Le développement économique méditerranéen suspendu aux échéances politiques

Par : Tallel

Le Grand port maritime de Marseille et econostrum.info organisaient le 26
septembre 2011, à Marseille, deux tables rondes réunissant experts économiques
et entrepreneurs pour évoquer les
perspectives économiques en Méditerranée.

Au-delà des considérations citoyennes et politiques, dix observateurs
économiques avertis se sont réunis lors de deux tables rondes, le 26 septembre
2011 à Marseille, pour évoquer la nouvelle donne en Méditerranée.

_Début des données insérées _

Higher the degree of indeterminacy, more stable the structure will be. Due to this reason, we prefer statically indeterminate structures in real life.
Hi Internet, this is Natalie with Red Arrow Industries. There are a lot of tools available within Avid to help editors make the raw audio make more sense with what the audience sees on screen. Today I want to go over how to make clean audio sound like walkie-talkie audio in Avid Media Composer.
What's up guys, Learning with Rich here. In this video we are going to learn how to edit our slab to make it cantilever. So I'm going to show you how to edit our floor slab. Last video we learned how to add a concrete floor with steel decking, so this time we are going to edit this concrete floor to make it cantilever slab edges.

Si l’on n’y voit pas réellement plus clair aujourd’hui qu’au début de l’été, on
peut toutefois s’appuyer sur de grands indicateurs, à l’image des
investissements directs étrangers (IDE) qu’a présentés Zoé Luçon. “Les annonces
d’IDE en Méditerranée ont représenté 15 mds€ sur les six premiers mois de
l’année 2001 contre 14,5 mds€ lors du premier semestre 2010”, rapporte la
responsable de l’Observatoire ANIMA-MIPO. Un résultat plutôt bon, mais qui cache
de fortes disparités entre pays: “Aucun investissement n’a été envisagé en
Égypte jusqu’au début de l’été. En Tunisie, la chute des annonces d’IDE a
atteint 40% et le contexte général pèse également sur le Liban ou la Jordanie“.

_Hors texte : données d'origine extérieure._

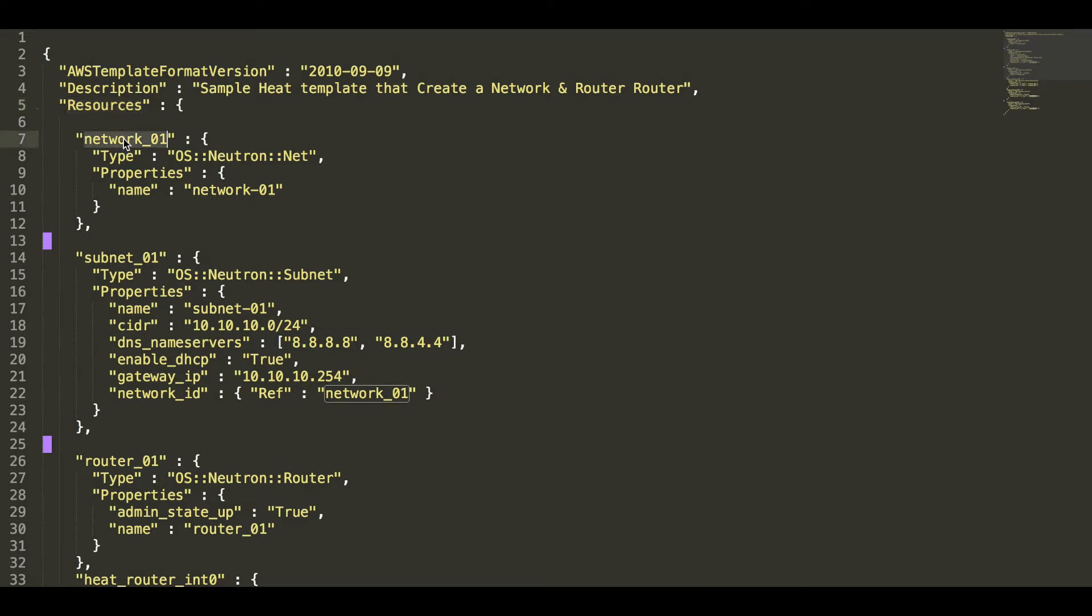Number one is network. The type is OS neutron net and the property is the name of the network.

Israël, la Turquie et le Maroc tirent leur épingle du jeu. L’autre enseignement
partagé par Zoé Luçon concerne l’origine des investisseurs méditerranéens: “si
les Européens demeurent les premiers investisseurs en Méditerranée, ils sont
talonnés de plus en plus près par un trio composé des pays du Golfe, de
l’Amérique du Nord et des pays émergents“.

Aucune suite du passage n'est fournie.